It's been a long time since I've experienced Dream AI, but this time I found that it has changed a lot. The most surprising thing is to find a "Picture 2.1" model, which states "Stable structure and strong film texture support the generation of Chinese and English fonts."
I do not know whether it is the model's native ability to generate Chinese, or in the later stages of image generation, the use of "templating" way after the insertion of Chinese, we have shared a similar principle of open source projects.
Phase 1 Trial: Create a perfect poster with Chinese language
Let's take a quick look at the input: a gradient background, interspersed with colored lines and bubbles in the lines. Metallic font play with "Chief AI Sharing Circle"."
The first impression is that the model is native, why? Because he has a chance of generating two letters "I", which shouldn't be the case if it's templated and spliced in later.
Let's continue the test, this time constructing a more complex cue word to create a movie poster: the main image is of a white wolf standing on top of a snow-covered mountain at night, looking up at the moon howling in the distance. The moonlight is reflected in the dark mountain peaks, revealing a white light. At the top, it says "2024 Year-End Presentation" and at the bottom, it says "Lone Wolf Movie in Theaters".
The effect is somewhat blown up! But what's up with some non-text characters on the image? Optimize the cue words a bit to try to remove them.

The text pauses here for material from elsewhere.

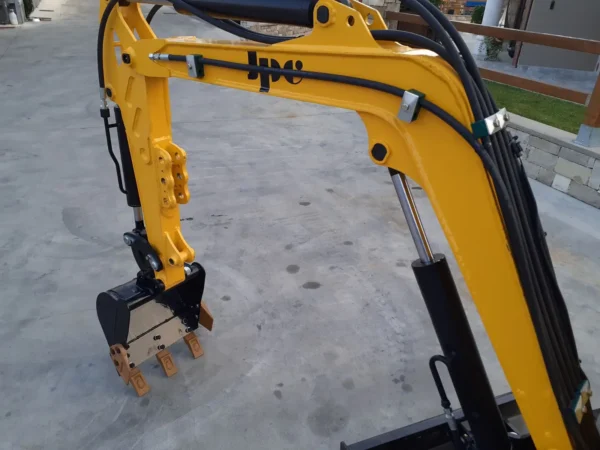 JPC HT12 Mini Excavator - Image 3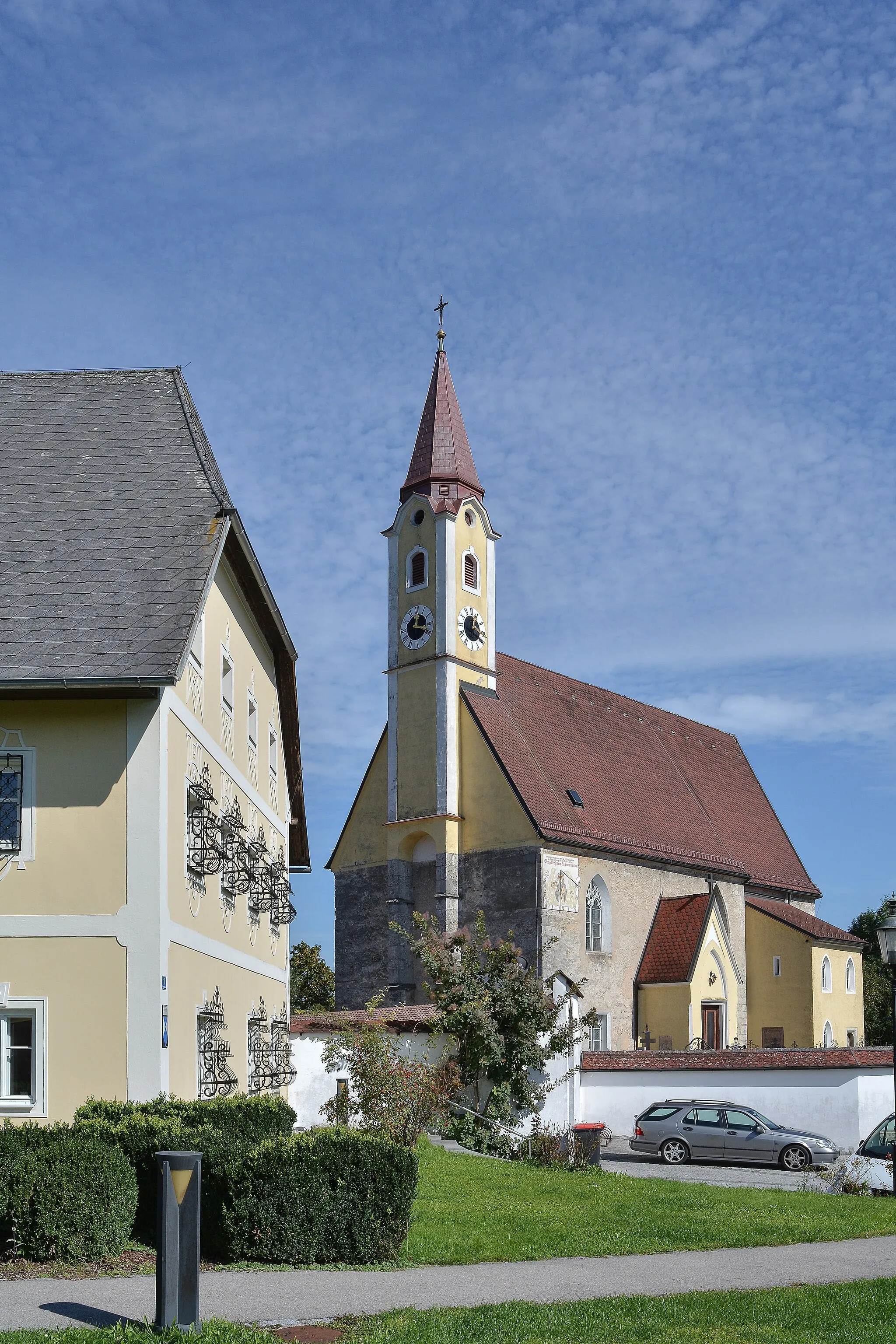 Photo showing: Kath. Pfarrkirche hl. Gallus mit Friedhof und Aufbahrungshalle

Tried adjusting the "fineness", asking for a clean screen, allowing only XXX writing, solid color backgrounds, and other tricks... Still can't remove non-text characters
This is not quite a "cinematic" poster, so let's continue to optimize it and add some embellishments: photographic grade, 4K blockbuster, pristine background, and the main image is of a white wolf standing on top of a snowy mountain at night, looking up at the moon and howling in the distance. The moonlight is reflected on the dark mountain peaks revealing a ray of white light. Tiny snowflakes falling, strong contrast of light and shadow, focusing on the white wolf, the white wolf's eyes emitting a faint red light, the white wolf's thick white fur, interspersed with gray hair, the top of the picture with gray metallic texture writing text "2024 End of the Year Presentation", and at the bottom of the picture with a bloody ribbon as the background text "Lone Wolf Movie Release". Lone Wolf Movie in Theaters"
There are some non-text characters, the last step goes to the canvas for editing, choosing to eliminate, or add or subtract some elements to end up with the perfect poster:
The second phase of the trial: does not give the Chinese prompt word can generate Chinese
The first phase of the task is completed and we use the cue word in thestrong text alertGenerate text in a picture and try out the model's true comprehension skills next.

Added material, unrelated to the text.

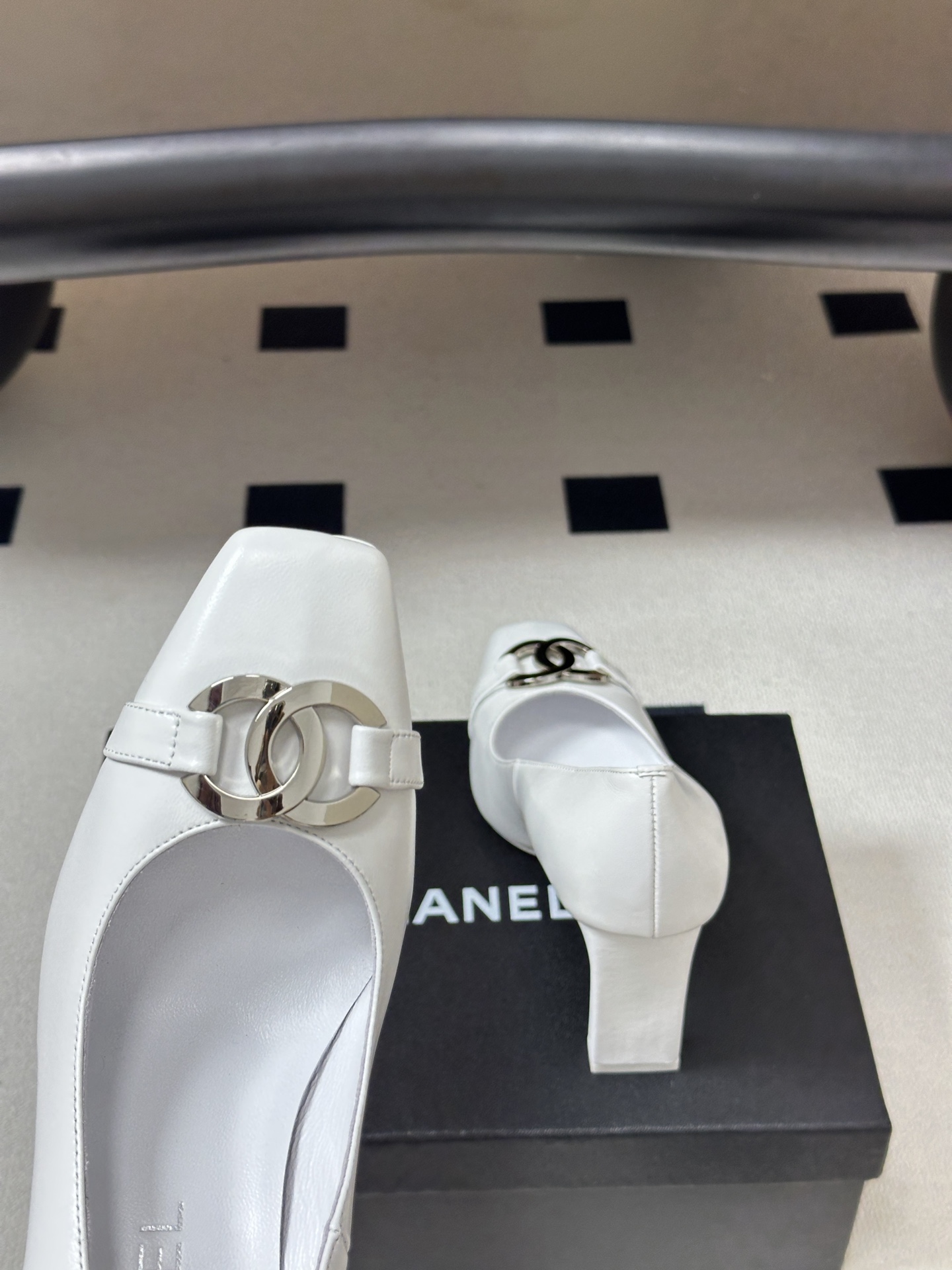 2026春夏新款 Chanel 小香方头双C金属扣高跟鞋复古浅口粗高跟单鞋鞋头的双C金属扣是品牌最具辨识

Without describing any text, give a hint of a picture that may have Chinese elements:
First deck: Chinese New Year's cards
Second: Couplets
Conclusion: It is difficult to generate long texts without emphasizing the generated text, and generating only a single Chinese character does not represent competence.
Stage 3 Trial: Raw Growth Texts
The first one: a couplet, the first line: You are good, I am good, everyone is good, the second line: Everyone is good.
Second: writing long texts
Unable to handle long text
Third: Shorten the text and add a mix of Chinese and English. (Emoticons are not allowed, would have liked to test it...)
Supplement:
1. Try to generate a poster with a simple structure, so that it is easy to add or subtract elements at a later stage.
2. As long as the structure of the main picture is satisfactory, you can adjust the elements later.
3. After the image is edited on the canvas, it can be repaired and enlarged using "Detail Repair" and "Ultra HD".
4. Try not to produce long texts.
5. In the process of testing found that do not need to write too complex cue words, let the model free play a few times more draw cards can get a good picture.